Sem você não sou ninguém,
meu amor, sem seu calor…”
Coisa e tal, e nhenhenhem…
É dífficil de suppor
que tal lettra ainda tem,
para alguém, algum valor!
“Vem, amor, commigo, vem!
Vem commigo, vem, meu bem!”,
canta o mau compositor.
Ao compor assim, porem,
dos limites vae alem
quem tomar no eu não for.
(Extraído de Sonetos de Boccagem)
★★★
SONETO 951 NATAL
Nasci glaucomattoso, não poeta.
Poeta me tornei pela revolta
que contra o mundo a língua suja solta
e a vida como báratro interpreta.
Bastardo como bardo, minha meta
jamais foi ao guru servir de escolta
nem crer que do Messias venha a volta,
mas sim invectivar tudo o que veta.
Compenso o que no abuso se me impôs
(pedal humilhação) com meu fetiche,
lambendo, por debaixo, os pés do algoz.
Mas não compenso, nem que o gozo esguinche,
masoca, esta cegueira, e meus pornôs
poemas de Bocage são pastiche.
(Extraído de As mil e uma línguas)
★★★★★★
GLAUCO MATTOSO (paulistano de 1951) destacou-se entre os poetas “marginais” da década de 70 com seu JORNAL DOBRABIL, que parodiava periódicos e períodos literários através da datilografia artesanal.
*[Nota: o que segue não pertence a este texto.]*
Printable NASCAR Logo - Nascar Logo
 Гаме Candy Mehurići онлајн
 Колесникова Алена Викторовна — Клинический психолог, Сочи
A matriz de sua poética está no modernismo e no concretismo, filtrados pelo crivo antiestético e escatológico de Sade e Bocage. Coligido em almanaque em 1981, o DOBRABIL é reeditado comemorativamente em 2001. Atualmente cego, Glauco mantém a verve fescenina. Vem se dedicando ao soneto e tem traduzido poetas da envergadura de Borges e do mexicano Salvador Novo, inaugurador, como Mário de Andrade, da moderna poesia em seu país. Nesta página Mattoso (sub)verte os sonetos homoeróticos que apimentaram a reputação privada de Novo.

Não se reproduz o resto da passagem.